Like the Revolver track "She Said She Said", the song closes with an imitative canon in the voices. Author Mark Prendergast likens the ending to that of "I Want to Tell You", saying that where the latter closes with an uplifting Indian devotional quality, "Good Day Sunshine" features a "raga-like edge to its vocal climax". The ending is given extra emphasis through the melody ascending a semitone from the final chorus, to an F^{7} chord.

According to author Mark Hertsgaard, the lyrics combine an appreciation of the sun's life-affirming qualities with a "standard boy–girl love story". In focusing on the latter theme, the song serves as a comparative rarity on Revolver, where the Beatles otherwise avoid the subject of love.
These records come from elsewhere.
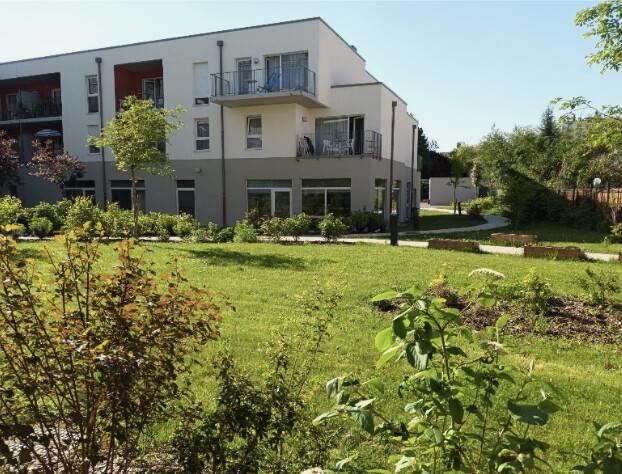 Appartement - 32 m² - 1 pièce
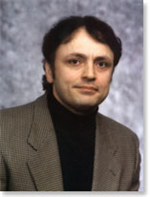 Dr. Ziyadeh Khoury, DO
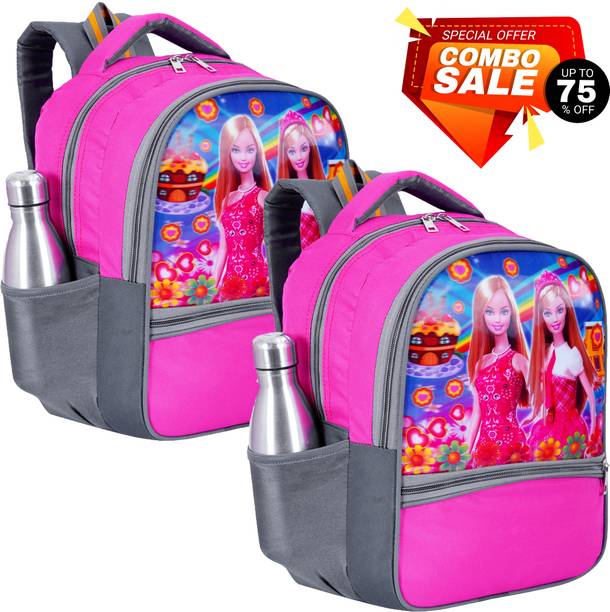 decent bags Pre-School Bag Combo Pack For NURSURY TO UK...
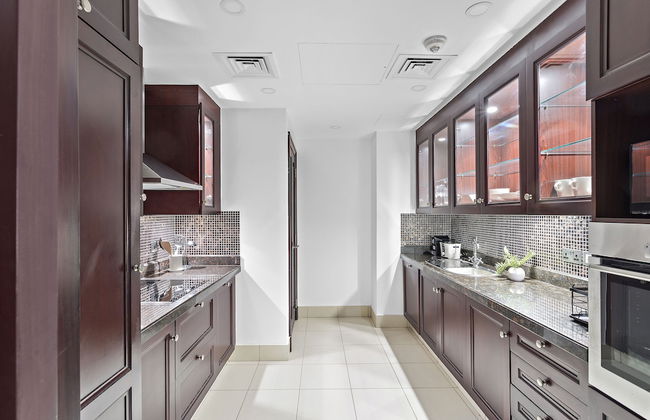 Silkhaus Zaafaran, Downtown Dubai - Photo 5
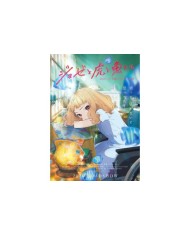 JOSEE, THE TIGER AND THE FISH (NOVELA)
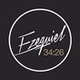 Ezequiel 34:26 Radio logo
As with some of his other songs on the album, this trait set McCartney apart from Lennon and Harrison, whose lyrics increasingly addressed existential concerns. (Note: MacDonald describes Lennon's 1967 song "Good Morning Good Morning" as "in effect, a bilious riposte to McCartney's blithe 'Good Day Sunshine'".)

==Recording==
The Beatles rehearsed "Good Day Sunshine" extensively in the studio on 8 June 1966, before recording three full takes of the basic track. Take 1 was selected for overdubbing, which they completed the following day. The basic track consisted of piano, bass guitar and drums. MacDonald was unsure if Lennon played guitar. According to Everett, where the Spoonful's "Daydream" includes "a Beatlesque staggering of the entrances of four differently textured guitars", "'Good Day Sunshine' has no guitars at all." In his description of the recording sessions for the song, Beatles historian Mark Lewisohn makes no mention of a guitar track.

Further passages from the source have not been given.